My Grandpa was a man who enjoyed life and the world he lived in. He did his best to keep moving forward after my Grandma died, even after he got sick. The best way I can honor him is to live my life. I opened my world, saying yes to things I haven’t tried before, like circle dancing, Thai food, and singing solo in a bardic circle of strangers.
They may not be big leaps, but I keep pushing out the edges of my known universe, literally expanding my horizon, in honor of the love I have for him. I push myself to be open to new things so that I may become a better person, in honor of the life that they are not living. It’s not penance. It’s embracing my life because I love them. Because they loved me and it’s what they would have wanted for me.
*Make an altar with gifts, photos and other items that remind you of them.
*Have mutual friends over and share stories about them.
*Find a karaoke bar and sing their favorite song.
*Do something you heard them say they always wanted to try.
*Make their favorite meal for your family.
*Write a story about them. Tell it to your children.
*Plant their favorite flowers or vegetables in your summer garden.
*Do something you have always wanted to do.

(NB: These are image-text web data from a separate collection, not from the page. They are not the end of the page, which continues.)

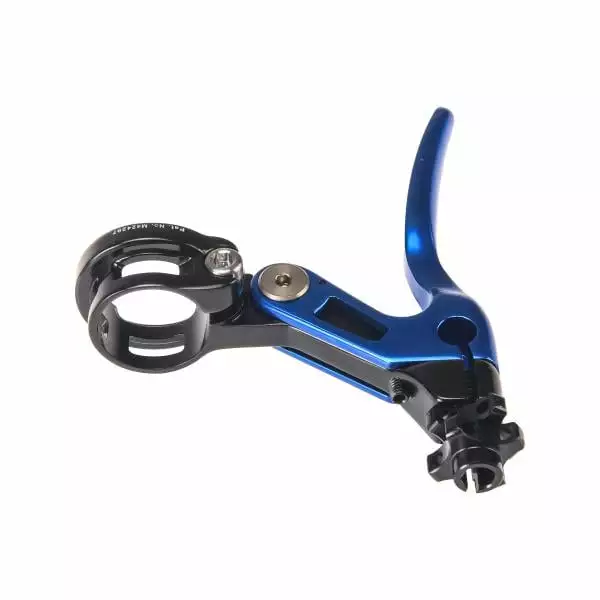 Box-components Levier De Frein BMX BOX COMPONENTS ONE Mini 10 Box-components Levier De Frein BMX BOX COMPONENTS ONE Mini – Image 8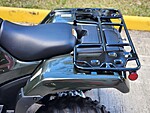 New 2025 Honda Others TRX520FM2 in DAVIE, FLORIDA (Photo 13)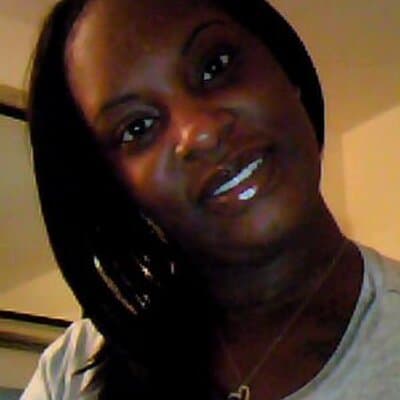 Dana Mae Johnson avatar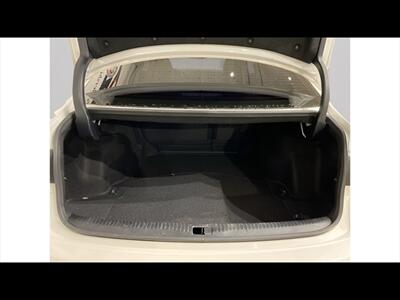 2014 Lexus IS 250   - Photo 5 - Mesa, AZ 85201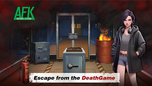Khám Phá Cơ Hội Sống Sót Đỉnh Cao Trong Game Phiêu Lưu Giải Đố Last Chance!
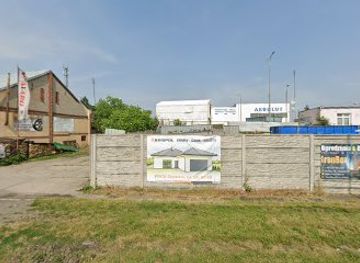 poland/drawa-national-park/shop/arkady-centrum-zaopatrzenia-przystawko-a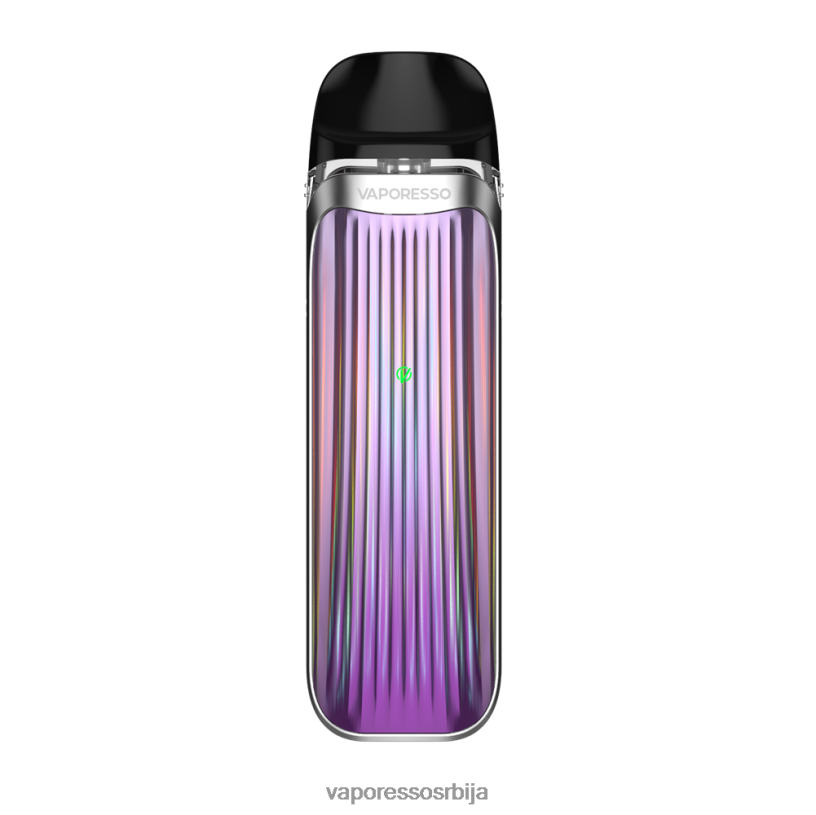 Vaporesso LUXE кс 02862208 Vaporesso vape store залазак сунца љубичаста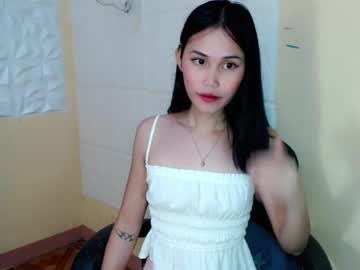 yourgoddess_cristine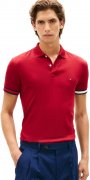 Tommy Hilfiger Poloshirt Gr. M f&uuml;r 54&euro;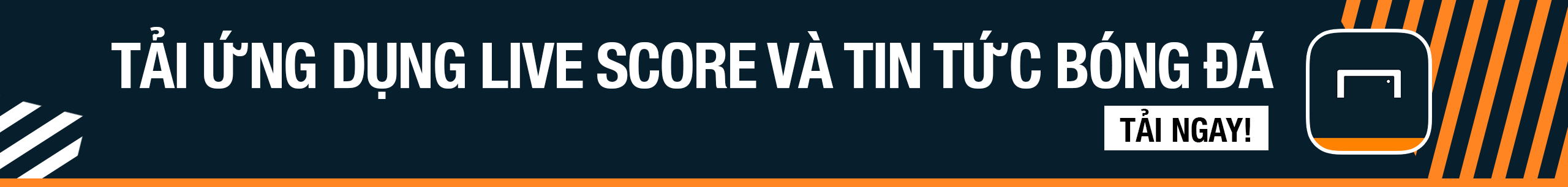 世界杯分组 世界杯分组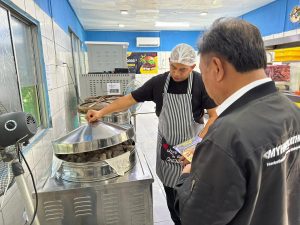 617099423 853298304246459 6075709854826502253 n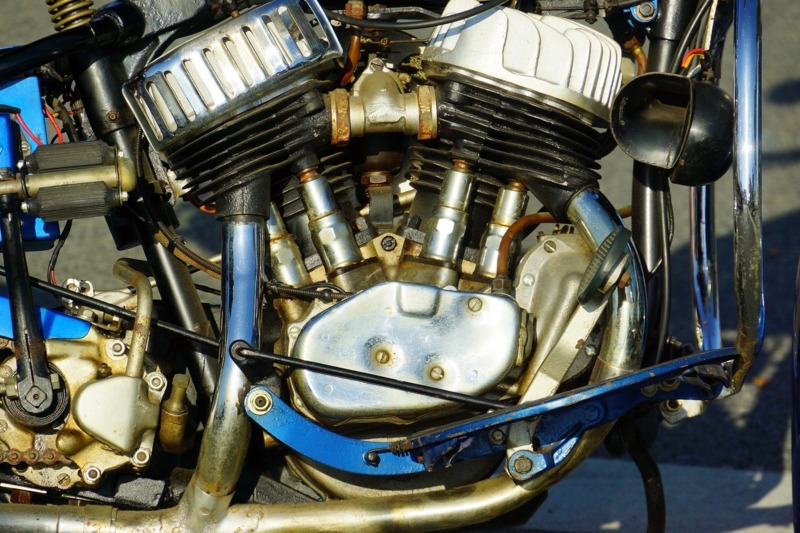 f:id:GSX-R1000:20140930201413j:image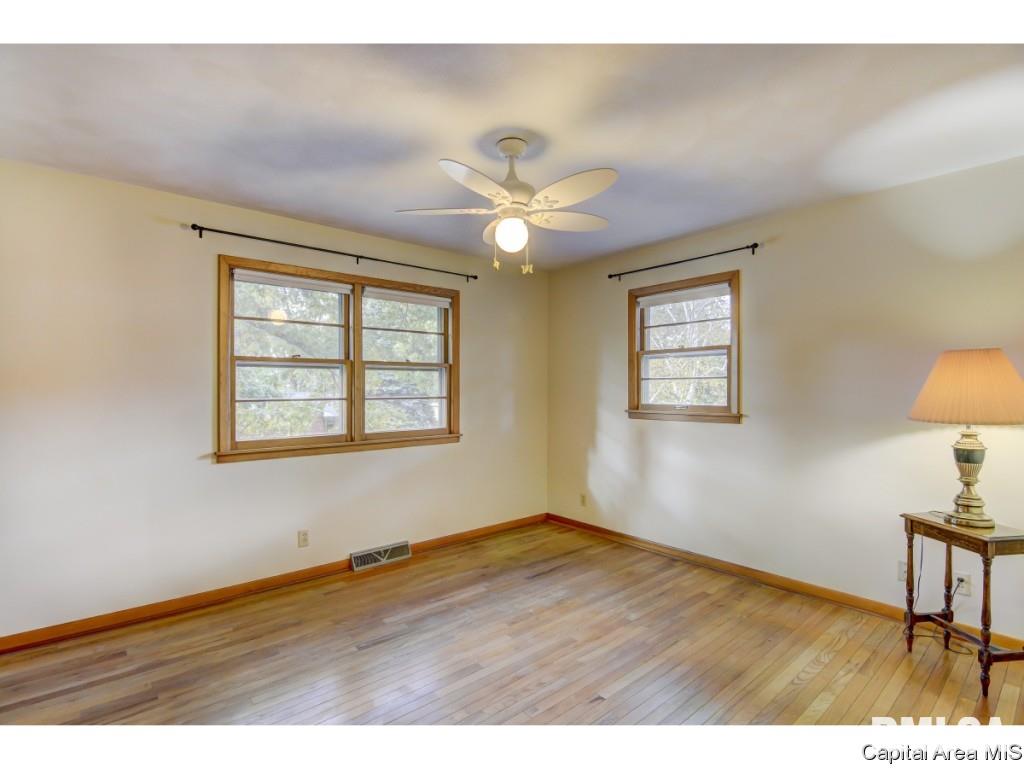 2424 Haverford Road Springfield, IL 62704 - Photo 26 of 33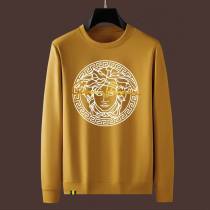 Versace Hoodies M-4XL (357)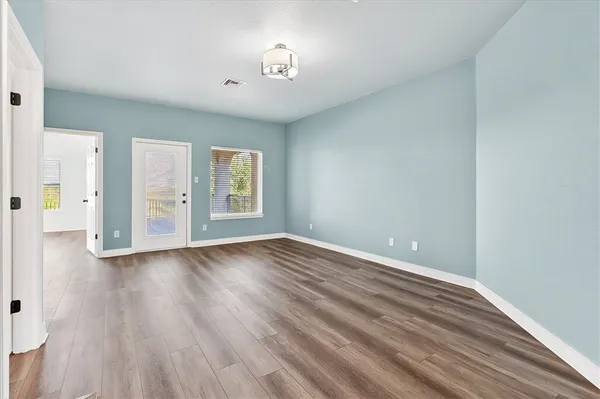 $999,900 | 6114 Jakes Wake, Corpus Christi, TX 78414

The possibilities are endless. Our culture is so removed from the process of death that we lost the tools to grieve. We have to learn to honor the death, feel the loss and honor the life again in living our own. Every breath you take, every act of kindness you commit, every shoulder you give and every smile you share is a gift you offer, and it speaks to the effect that your loved ones had on the person you have become. It is the best way we remember them.